■ **Extracted entries**:
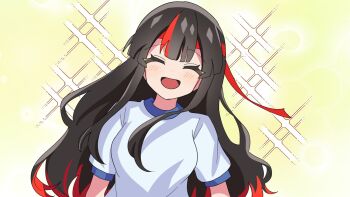 1girl artist_request black_hair closed_eyes commentary_request dragon_musume_ni_naritakunai! duel_masters godai_dora gym_shirt hachimaki headband highres long_hair multicolored_hair official_art open_mouth red_hair shirt solo sparkle sparkling_aura upper_body white_shirt 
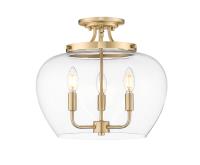 Three Light Semi Flush Mount by Z-Lite - Joliet Collection, Burnished Brass Finish - 473SF-BBR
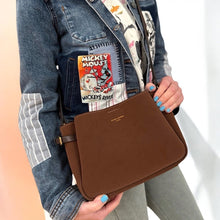 Load image into Gallery viewer, David Jones Triple Compartment Crossbody &amp; Shoulder Bag (on model)
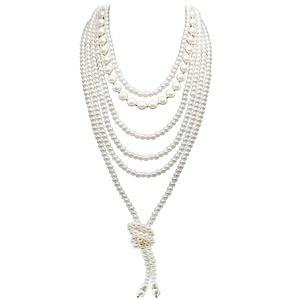 여성용 긴 진주 목걸이 크림 화이트 인조 스트랩 레이어드 코스튬 주얼리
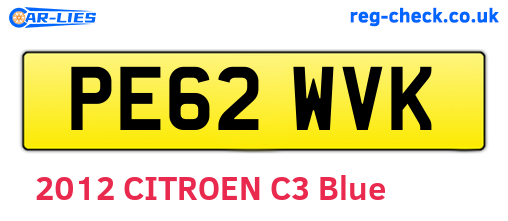 PE62WVK are the vehicle registration plates.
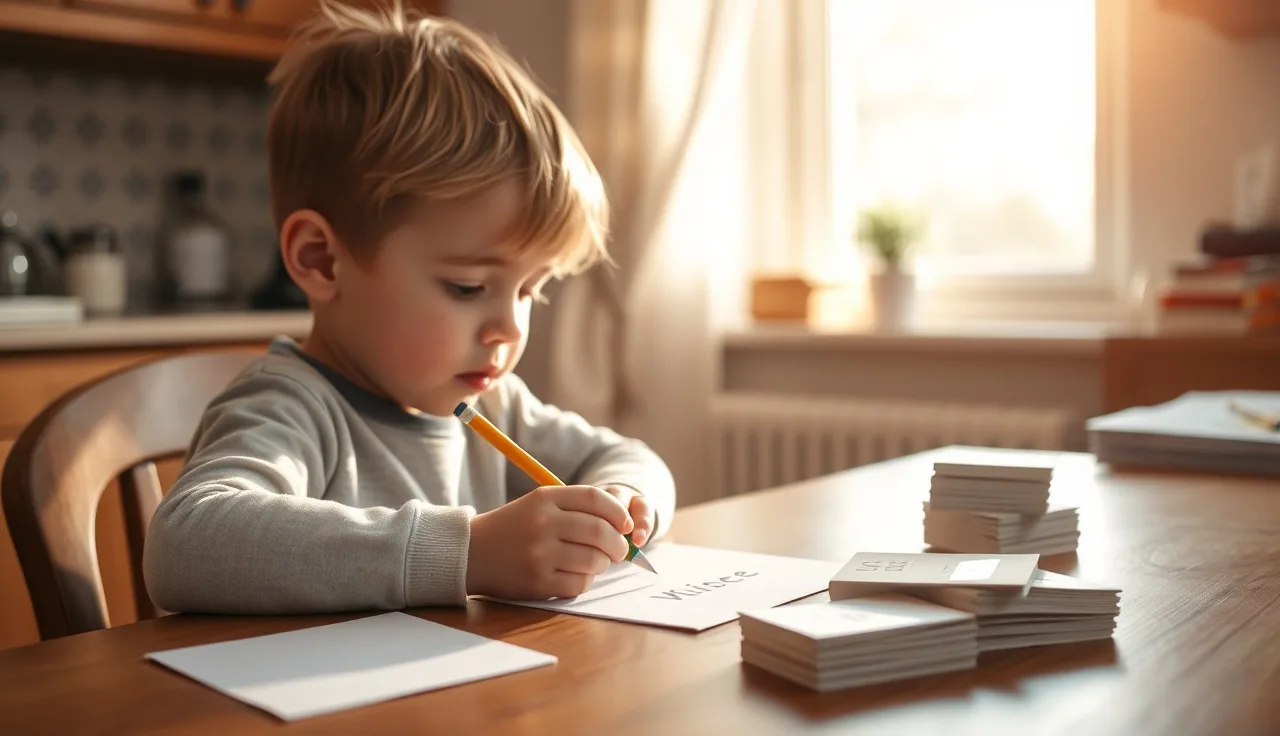 Child practicing writing words on a sheet at a kitchen table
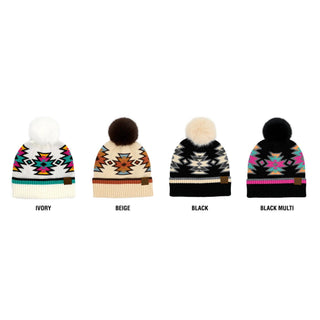 CC South Western Aztec  Pattern Faux Fur Pom Beanie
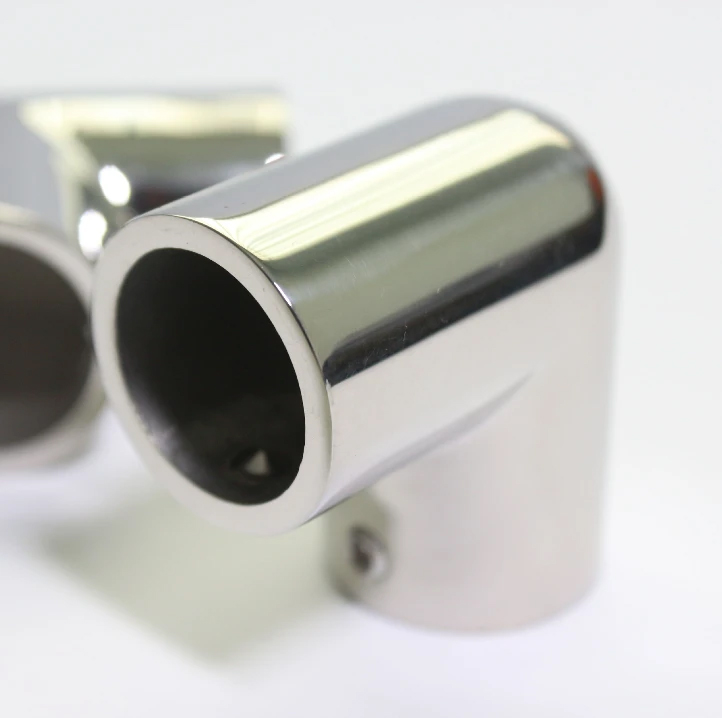 Corner Elbow with  Grub Screws Polished Stainless Steel Marine Tube Rail Hardware 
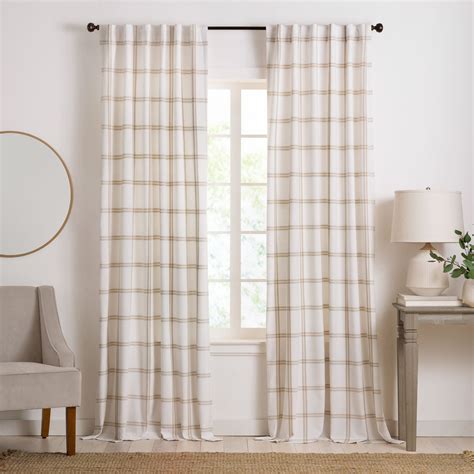 Farmhouse Living Double Windowpane Plaid Room Darkening Window Curtain ...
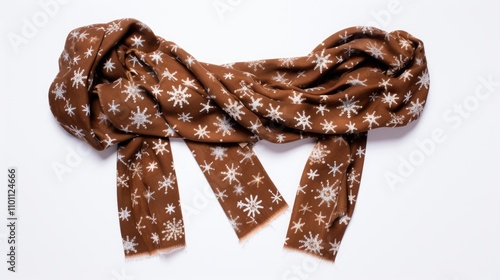 Brown winter scarf with fringe and snowflake design on a white background, perfect for seasonal fashion and accessories promotions. photo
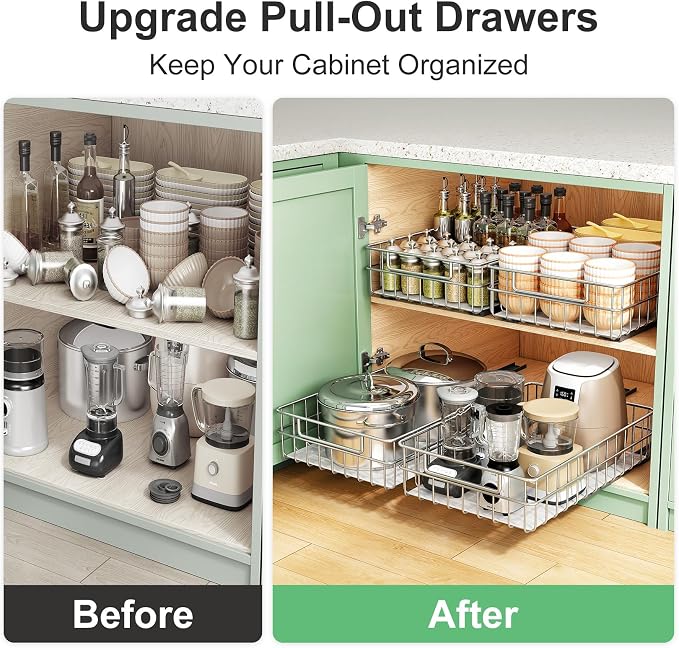 Stainless Steel Pull Out Cabinet Organizer(11.8"W x 16.5"D x 4.7"H)-1 Pack, Minimalist Design Frame, Full-Extension Slide Rails, Easy Installation for Pantry Organizers or Kitchen Cabinet Organizer - Image 9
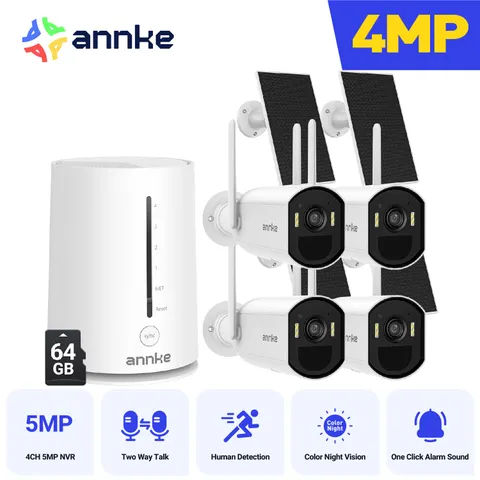 ANNKE Wireless 4MP Color Night Security Camera System Solar Power Two Way Audio
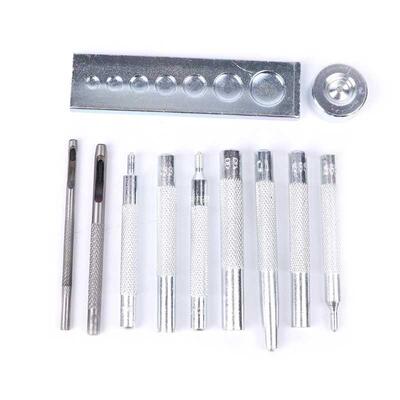 11Pcs Die Hole Punch Button Snap Rivet Setter Base Kit  L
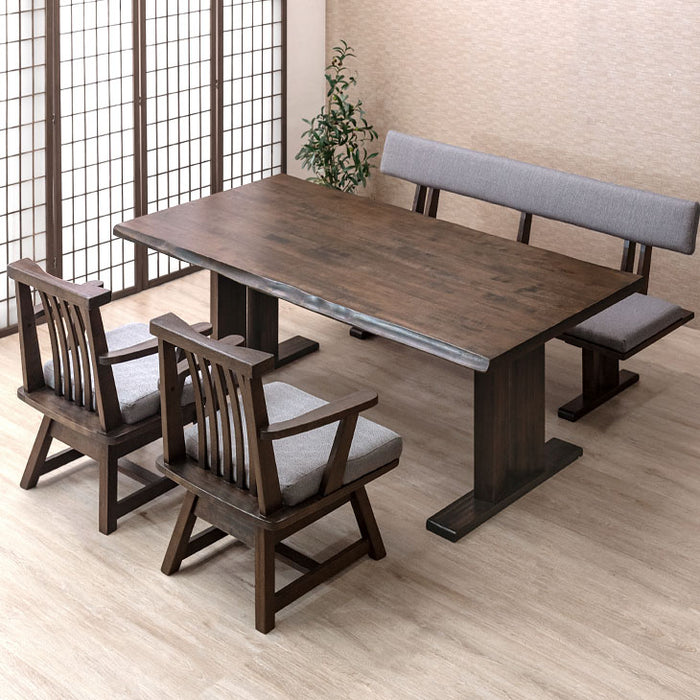 4人掛け 和風 ダイニングテーブル4点セット 回転椅子【搬入設置込み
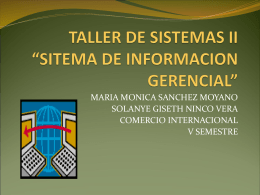 TALLER DE SISTEMAS II “SITEMA DE INFORMACION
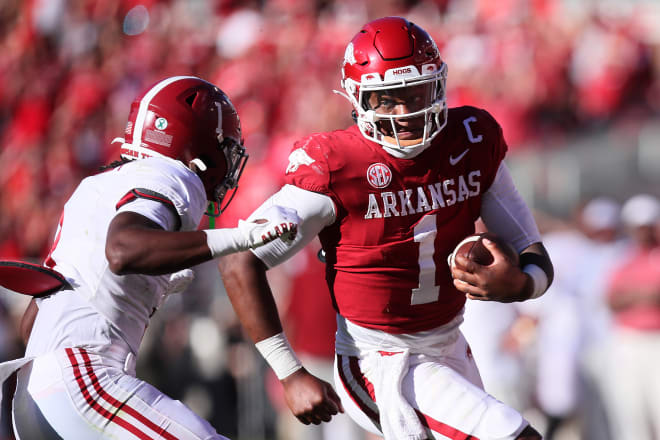 Arkansas Razorbacks quarterback KJ Jefferson (1) runs in the third quarter against the Alabama Crimson Tide at Donald W. Reynolds Razorback Stadium. Alabama won 49-26. Photo | Nelson Chenault-USA TODAY Sports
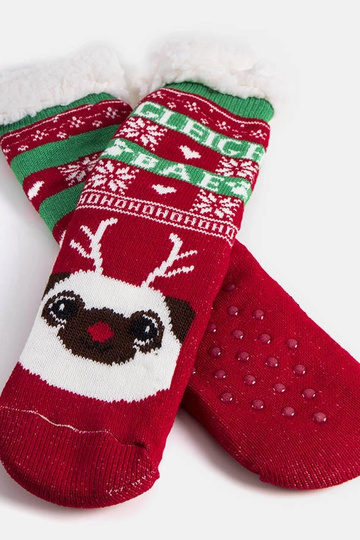 Rote warme Socken mit Challi dem Hund 2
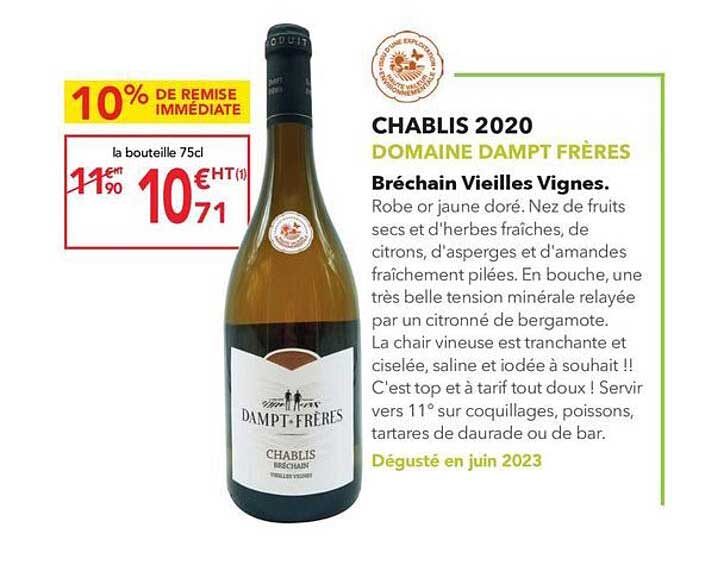 chablis 2020 domaine dampt frères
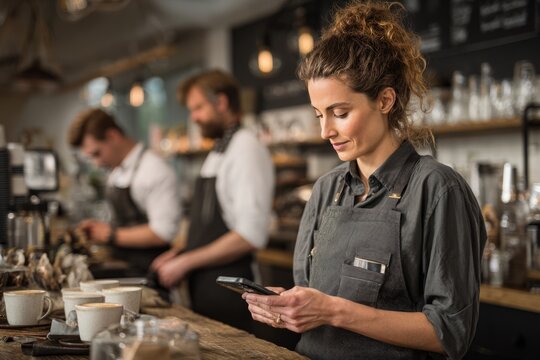 Barista preparing mobile coffee order behind cafe counter with espresso cups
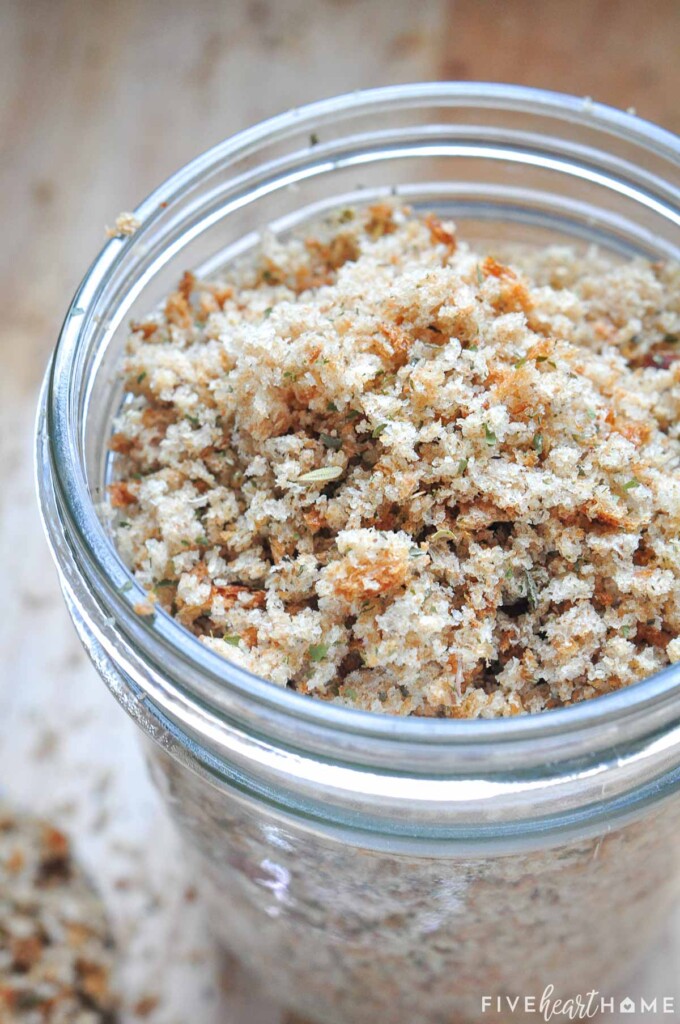 Close-up of Italian Bread Crumbs in jar.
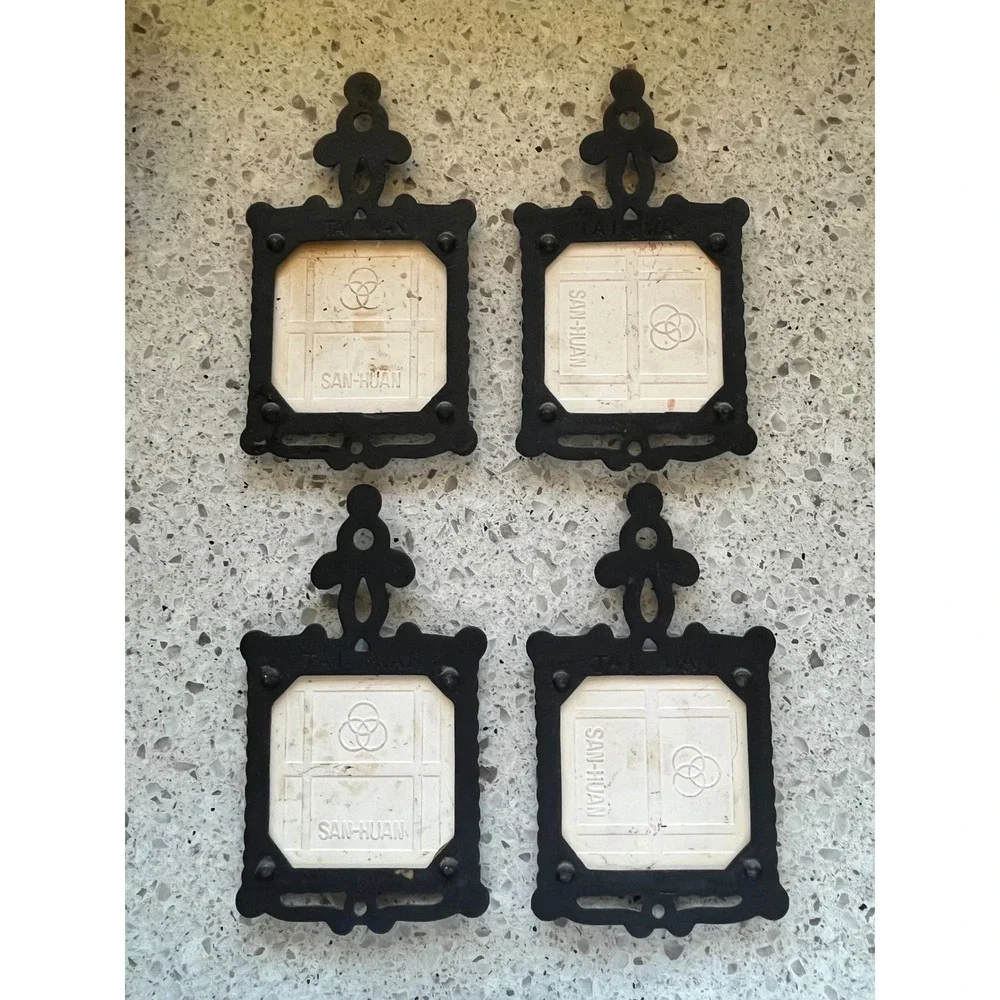 Vintage San-Huan Cast Iron Ceramic Tile Trivets Set 4 Antique Cars Wall Decor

■ **Aim of the exercise**: Please leave the images out and retype the rest of the material exactly.

■ **Exercise result**:
 1girl artist_request black_hair closed_eyes commentary_request dragon_musume_ni_naritakunai! duel_masters godai_dora gym_shirt hachimaki headband highres long_hair multicolored_hair official_art open_mouth red_hair shirt solo sparkle sparkling_aura upper_body white_shirt 
 Three Light Semi Flush Mount by Z-Lite - Joliet Collection, Burnished Brass Finish - 473SF-BBR
 Load image into Gallery viewer, David Jones Triple Compartment Crossbody &amp; Shoulder Bag (on model)
 여성용 긴 진주 목걸이 크림 화이트 인조 스트랩 레이어드 코스튬 주얼리
 PE62WVK are the vehicle registration plates.
 Child practicing writing words on a sheet at a kitchen table
 CC South Western Aztec  Pattern Faux Fur Pom Beanie
 Corner Elbow with  Grub Screws Polished Stainless Steel Marine Tube Rail Hardware 
 Farmhouse Living Double Windowpane Plaid Room Darkening Window Curtain ...
 Brown winter scarf with fringe and snowflake design on a white background, perfect for seasonal fashion and accessories promotions. photo
 Stainless Steel Pull Out Cabinet Organizer(11.8"W x 16.5"D x 4.7"H)-1 Pack, Minimalist Design Frame, Full-Extension Slide Rails, Easy Installation for Pantry Organizers or Kitchen Cabinet Organizer - Image 9
 ANNKE Wireless 4MP Color Night Security Camera System Solar Power Two Way Audio
 11Pcs Die Hole Punch Button Snap Rivet Setter Base Kit  L
 4人掛け 和風 ダイニングテーブル4点セット 回転椅子【搬入設置込み
 TALLER DE SISTEMAS II “SITEMA DE INFORMACION
 Arkansas Razorbacks quarterback KJ Jefferson (1) runs in the third quarter against the Alabama Crimson Tide at Donald W. Reynolds Razorback Stadium. Alabama won 49-26. Photo | Nelson Chenault-USA TODAY Sports
 Rote warme Socken mit Challi dem Hund 2
 chablis 2020 domaine dampt frères
 Barista preparing mobile coffee order behind cafe counter with espresso cups
 Close-up of Italian Bread Crumbs in jar.
 Vintage San-Huan Cast Iron Ceramic Tile Trivets Set 4 Antique Cars Wall Decor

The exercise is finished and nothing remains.